Very useful advise. Thank you. 
I've used the below paint for custom Tonka projects Pricey, but very nice results. 

http://www.automotivetouchup.com/index.htm


----------



## Deebo (Mar 6, 2019)

Jimroy, after I clear coat the frame, how long must I wait before I can wetsand the orange peel? Planning to rub compound on it later.


----------



## Mymando (Mar 6, 2019)

Very nice resto and the colors work!!


----------



## JimRoy (Mar 6, 2019)

Debo said:


> Jimroy, after I clear coat the frame, how long must I wait before I can wetsand the orange peel? Planning to rub compound on it later.

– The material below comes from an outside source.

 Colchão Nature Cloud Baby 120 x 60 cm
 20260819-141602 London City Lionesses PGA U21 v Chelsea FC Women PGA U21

I would wait 2-3 days.  Clear usually drys faster than the base color.


----------



## Deebo (Mar 6, 2019)

Cool, will do. Thanks brah.


----------



## Santee (Mar 6, 2019)

I will save this thread for reference. A lot of good information, Jimroy your paint job is beautiful.


----------



## JimRoy (Mar 7, 2019)

Sven said:


> Very useful advise. Thank you.
> I've used the below paint for custom Tonka projects Pricey, but very nice results.
> 
> http://www.automotivetouchup.com/index.htm



Nice paint


----------



## OZ1972 (Mar 15, 2019)

Great job i love that bike awesome paint work


----------